Execution time ratios of Offworker over Chrome for the Rodinia-JS benchmark suite on the ES when different numbers of web workers were used.

Figure 7 illustrates the execution time differences in terms of their contributing components between Offworker and Chrome for the Rodinia-JS benchmark suite when different numbers of web workers were used. A positive difference represents that Chrome was better than Offworker. We observed that the time differences for the proxy creation, data initialization, and other parts were less than 50 ms and consistent for different numbers of web workers since these components were irrelevant to parallelization. The time differences for the barrier synchronization part were also almost identical when different numbers of web workers were used since there are no more than 300 barriers required for each Rodinia-JS application, and the overhead added by Offworker for each barrier synchronization was insignificant. The time differences for the worker creation part grew slightly with the number of web workers due to more worker initialization costs when using Offworker. This effect was more obvious for backprop and kmeans because they required more initialization work than others. However, different applications showed different trends in time differences for the computation part. This abnormal phenomenon was believed to result from the differences in handling arithmetic and shared-memory access operations between Offworker (which is based on isolated-vm and Node.js) and Chrome.

Fig. 7.
figure 7

Execution time differences between Offworker and Chrome for the Rodinia-JS benchmark suite on the ES when different numbers of web workers were used. The values follow a benchmark name indicate the execution times of the benchmark for 1–4 workers, respectively, when using Offworker.
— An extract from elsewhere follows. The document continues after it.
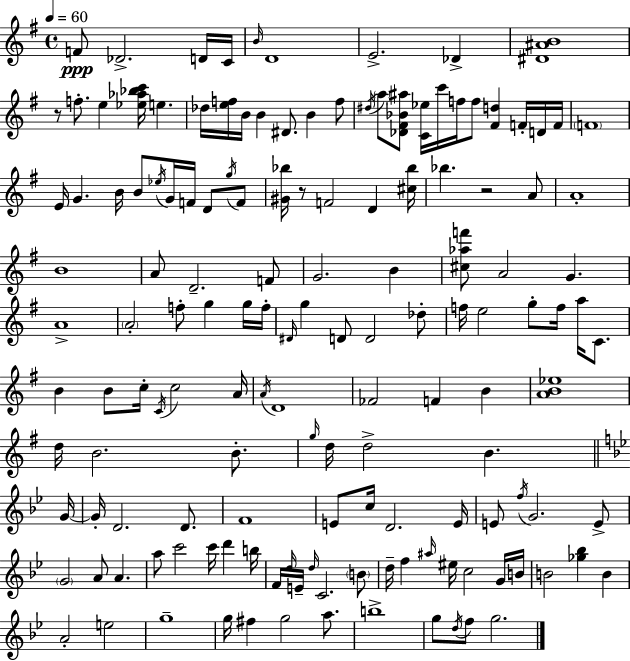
F4/e Db4/h. D4/s C4/s B4/s D4/w E4/h. Db4/q [D#4,A#4,B4]/w R/e F5/e. E5/q [Eb5,Ab5,Bb5,C6]/s E5/q. Db5/s [E5,F5]/s B4/s B4/q D#4/e. B4/q F5/e D#5/s A5/e [Db4,F#4,Bb4,A#5]/e [C4,Eb5]/s C6/s F5/s F5/e [F#4,D5]/q F4/s D4/s F4/s F4/w E4/s G4/q. B4/s B4/e Eb5/s G4/s F4/s D4/e G5/s F4/e [G#4,Bb5]/s R/e F4/h D4/q [C#5,Bb5]/s Bb5/q. R/h A4/e A4/w B4/w A4/e D4/h. F4/e G4/h. B4/q [C#5,Ab5,F6]/e A4/h G4/q. A4/w A4/h F5/e G5/q G5/s F5/s D#4/s G5/q D4/e D4/h Db5/e F5/s E5/h G5/e F5/s A5/s C4/e. B4/q B4/e C5/s C4/s C5/h A4/s A4/s D4/w FES4/h F4/q B4/q [A4,B4,Eb5]/w D5/s B4/h. B4/e. G5/s D5/s D5/h B4/q. G4/s G4/s D4/h. D4/e. F4/w E4/e C5/s D4/h. E4/s E4/e F5/s G4/h. E4/e G4/h A4/e A4/q. A5/e C6/h C6/s D6/q B5/s F4/s D5/s E4/s D5/s C4/h. B4/e D5/s F5/q A#5/s EIS5/s C5/h G4/s B4/s B4/h [Gb5,Bb5]/q B4/q A4/h E5/h G5/w G5/s F#5/q G5/h A5/e. B5/w G5/e D5/s F5/e G5/h.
Figure 8 displays execution time ratios of Offworker over Chrome for 14 memory access patterns in the Hopscotch micro-benchmark suite on a large (or small) array when using different numbers of web workers. We observed that the execution times for each micro benchmark operating on a large shared-memory array (of length \(10^4\)\(10^8\)) were similar between using Offworker and running natively on Chrome; however, the execution time ratios of Offworker over Chrome were up to five when operating on a small shared-memory array (of length \(10^0\)\(10^4\)). As indicated in Fig. 7, the computation time differences between Offworker and Chrome (CTDs for short) were larger for backprop since there were five memory access patterns on six small and two large shared-memory arrays, and more time was spent accessing these small arrays. The CTDs grew up greatly with the number of web workers for kmeans since r_seq_reduce on small arrays provided the majority of shared-memory access patterns. The shared-memory access patterns in bfs, nw, and srad also explained their trend of CTDs, respectively: r_seq_ind and w_seq_fill on six small arrays, r_tile on two large arrays, and r_rand_ind and w_seq_fill on four small arrays and seven large arrays provided the majority of shared-memory access patterns for bfs, nw, and srad, respectively. Despite these negative consequences, we believe isolated-vm still provides an adequate solution for offloading JavaScript applications due to its secure nature.

4.3 Effectiveness in Different Server Capabilities

Figure 9 illustrates the execution times for the Rodinia-JS benchmark suite on the client when using five different offloading decisions: (1) mobile, in which web workers ran natively on the client, (2) ES-Offworker, in which web workers ran on the ES using Offworker, (3) NCS-Offworker, in which web workers ran on the NCS using Offworker, (4) FCS-Offworker, in which web workers ran on the FCS using Offworker, and (5) FCS-Puffin, in which almost an entire application (including web workers) ran on the FCS using Puffin, which is a commercial browser developed by CloudMosa based on Chromium v79 and renders webpages on the cloud.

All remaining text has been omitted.